The petition was created by the Japanese American Citizens League and is being circulated as an "Action Alert: 'Jap Road' Must Go!!" It's addressed to Jefferson County commissioners who will hold a hearing Monday on demands to rename the road.

Tomorrow is the deadline to sign the petition, available online at www.petitiononline.com/NOJapRd/petition.html .

It asks the commissioners "to erase the derogatory name of 'Jap Road' from the maps of Texas and replace it with 'Mayumi Road' to honor -- not tarnish -- the contributions of the Japanese community."
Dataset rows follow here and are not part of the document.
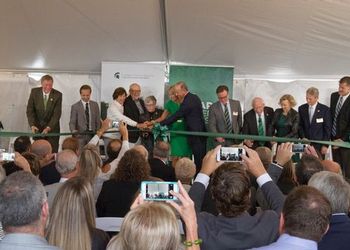 Grand Rapids Research Center opens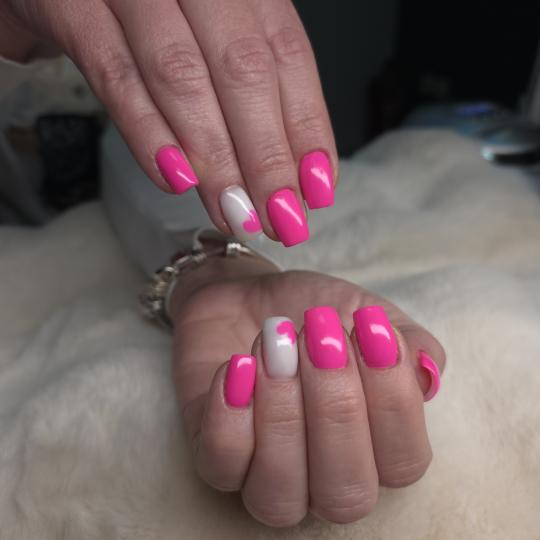 Daniva brow and beauty usluga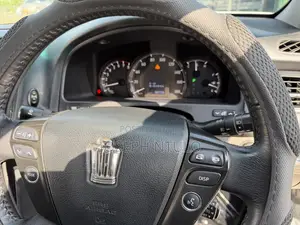 Toyota Crown 2008 White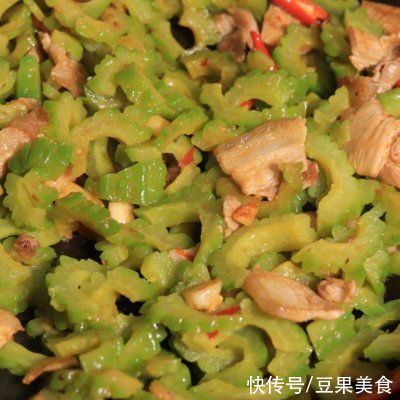成就|#一勺葱伴侣，成就招牌美味#五花肉炒苦瓜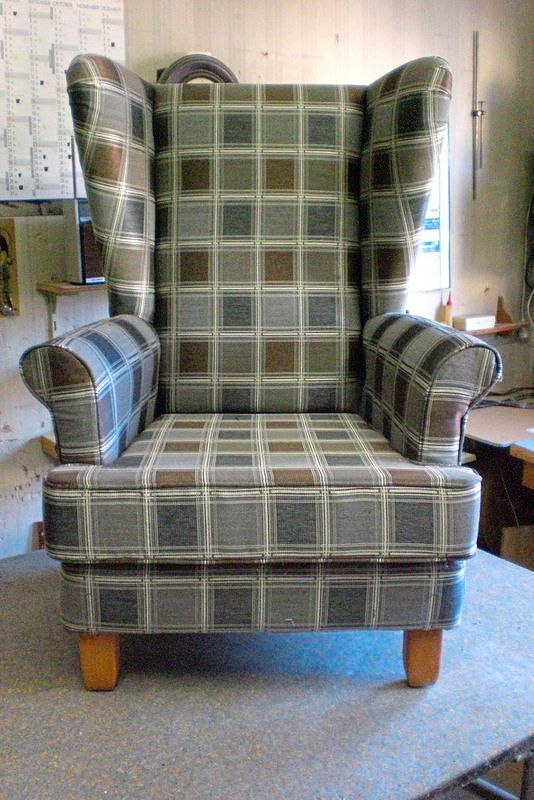 alter Sessel in kariert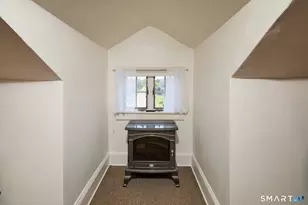 80 Dixon St, Bridgeport, CT 06604 - Photo 33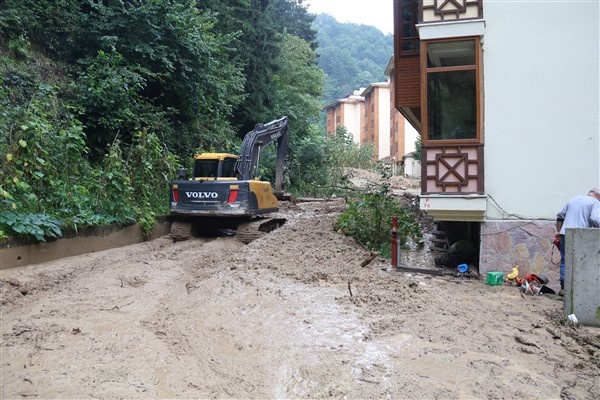 Rize'de yaşanan afetin boyutları gün ağırınca ortaya çıktı. 5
The road was named to honor the Mayumi family who lived on the road in the early 1900s, according to the petition. "Without removing that historical reference, we believe that 'Mayumi Road' is an appropriate substitution."

Japanese-American residents in the Beaumont area began campaigning in 1993 to have the name changed, but other local residents refused, the Japanese American Citizens League says.

Many of those living in the some 100 homes on the road maintain that "Jap Road" is not a racial slur, that it honors Japanese pioneers there, and they angrily oppose changing the name.

Over the years, hundreds of letters were sent to the commissioners from people lobbying for a name change, including U.S. senators and congressmen from Texas and other states, "but the affront remains," the league said.

Veterans of the Texas "Lost Battalion" (of the 36th Texas Division) wrote commissioners in Jefferson and Orange counties, Texas, urging them to change the names of Jap Road and Jap Lane to honor the all-Japanese American 442nd Regimental Combat Team who "defied the odds and sacrificed life and limb to rescue them during WWII. But the disgrace remains," the league said.

The first signer of the petition was Sandra Nakata Tanamachi, an elementary school teacher whose family immigrated from Japan in the early 1900s and settled in Beaumont. She has tried for more than 10 years to have the road's name changed.

Goto said the online petition had more than 3,000 signatures when he signed it this week. "I hope it works."